After using keras by implementing some examples and looking for tutorials I am kind of confused which cross entropy function I should use in my project. In my case I want to predict multiple labels such as (positive, negative and neutral) for online comments with a LSTM model. The labels have been converted to one-hot vectors with the to_categorical method in keras, which is also documented in keras:
(...) when using the categorical_crossentropy loss, your targets should be in categorical format (e.g. if you have 10 classes, the target for each sample should be a 10-dimensional vector that is all-zeros expect for a 1 at the index corresponding to the class of the sample).
The one-hot array looks as follow:
array([[1., 0., 0.],
[1., 0., 0.],
[0., 0., 1.],
Because there a multiple labels I would prefer to use categorical_crossentropy.
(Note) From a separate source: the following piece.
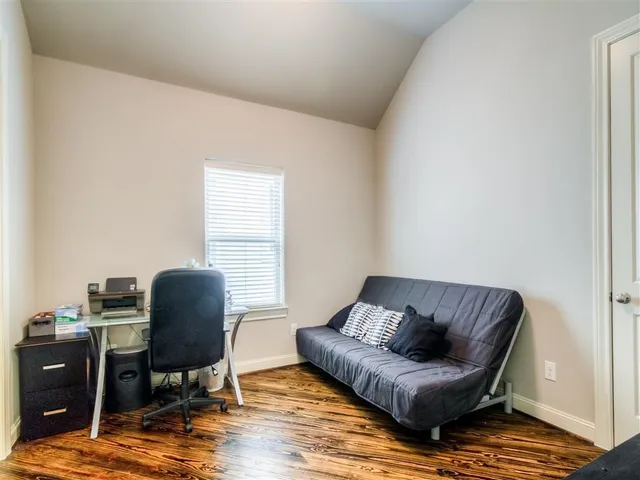 a living room with furniture rug and a window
I also implemented a model with this criteria but the accuracy of this model was only above 20%. Using binary_crossentropy with a sigmoid function my accuracy have been reached to 80%. I am really confused, because some guys argued with the following statements:
the accuracy computed with the Keras method "evaluate" is just plain wrong when using binary_crossentropy with more than 2 labels
whereas other have already implemented high performanced model with binary crossentropy and multiple labels, which is kind of the same workflow.
We want probability of each class. So we are using sigmoid on final layer, which gives output in range 0 to 1. If our aim was to find the class, then we will have used softmax
So I just want to know if there are any problems if I would to choose the binary_crossentropy like in the following link to predict the outcome class.